Do you know the music your young people love? Do you know the movies they enjoy? Do you know the books they can’t stop reading? Do you know how to help them identify what is wrong in those things and how they can refute the contrary thoughts in them?


But then there is the positive task of discipleship. Once the walls are breached and the towers are broken down, the soldiers must be taken. They must be led to accept the lordship of the one who has sent us to campaign for His glory. “Take every thought captive to obey Christ.” So not everything is to be destroyed. Some thoughts are good. But even good thoughts need to be pointed in the right direction. They must be put to proper use. They must be used to serve Jesus Christ.


We need to be able to show our young people the ideas that should dominate their thinking. We need to take the lead in demonstrating what is good, true, and beautiful in this world of evil, lies, and ugliness. What ideas are worth singing about? What themes are worthy of hours of our time? What endeavors should drive our lives? And what does it mean to use these things for the glory of God? We should not define Christian thinking and living primarily by what we are against.

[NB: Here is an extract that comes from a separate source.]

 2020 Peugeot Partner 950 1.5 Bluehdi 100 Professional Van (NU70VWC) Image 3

We should define these things primarily by what we are for—how we wish to use our thoughts and our time in the service of Jesus Christ.


Getting Help

This is the strategy that God has given to us: refute contrary thoughts, while dedicating other thoughts to declare the glory of God. But keep in mind that this strategy is never exactly the same from one generation to the next. Satan is always upgrading the walls and towers he builds, as well as the indoctrination he gives to those that live inside. So we must always be improving as well. Sound challenging? It is indeed.

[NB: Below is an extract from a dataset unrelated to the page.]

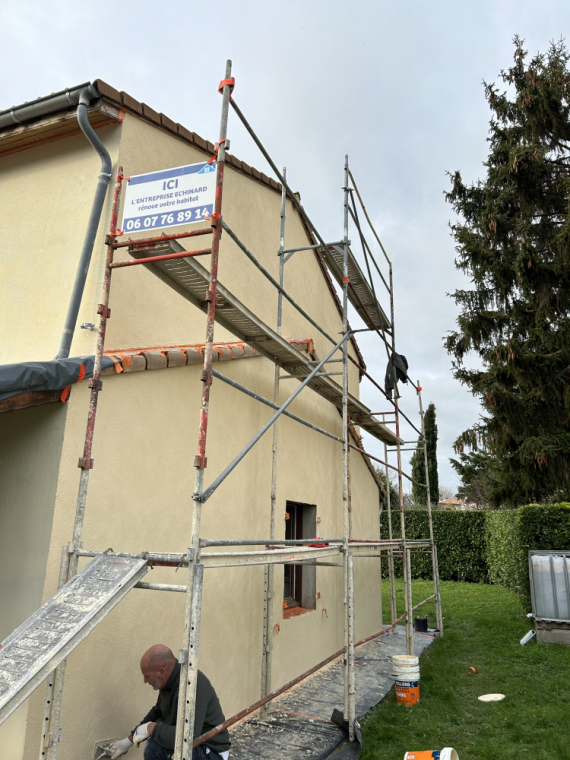 Ravalement de façade d'une maison à Romans-sur-Isere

That’s one reason I believe Christian education is a marvelous gift of God’s grace. I’m obligated to raise my children according to the strategy of 2 Corinthians 10:4-5. But, thankfully, I do not have to do this alone. There’s a whole host of teachers, staff, and textbooks that want to help me break down the walls and rehabilitate the thoughts that are inside. Since they are always improving what they do, I can always improve what I do.


Do you need help? Don’t be afraid to ask.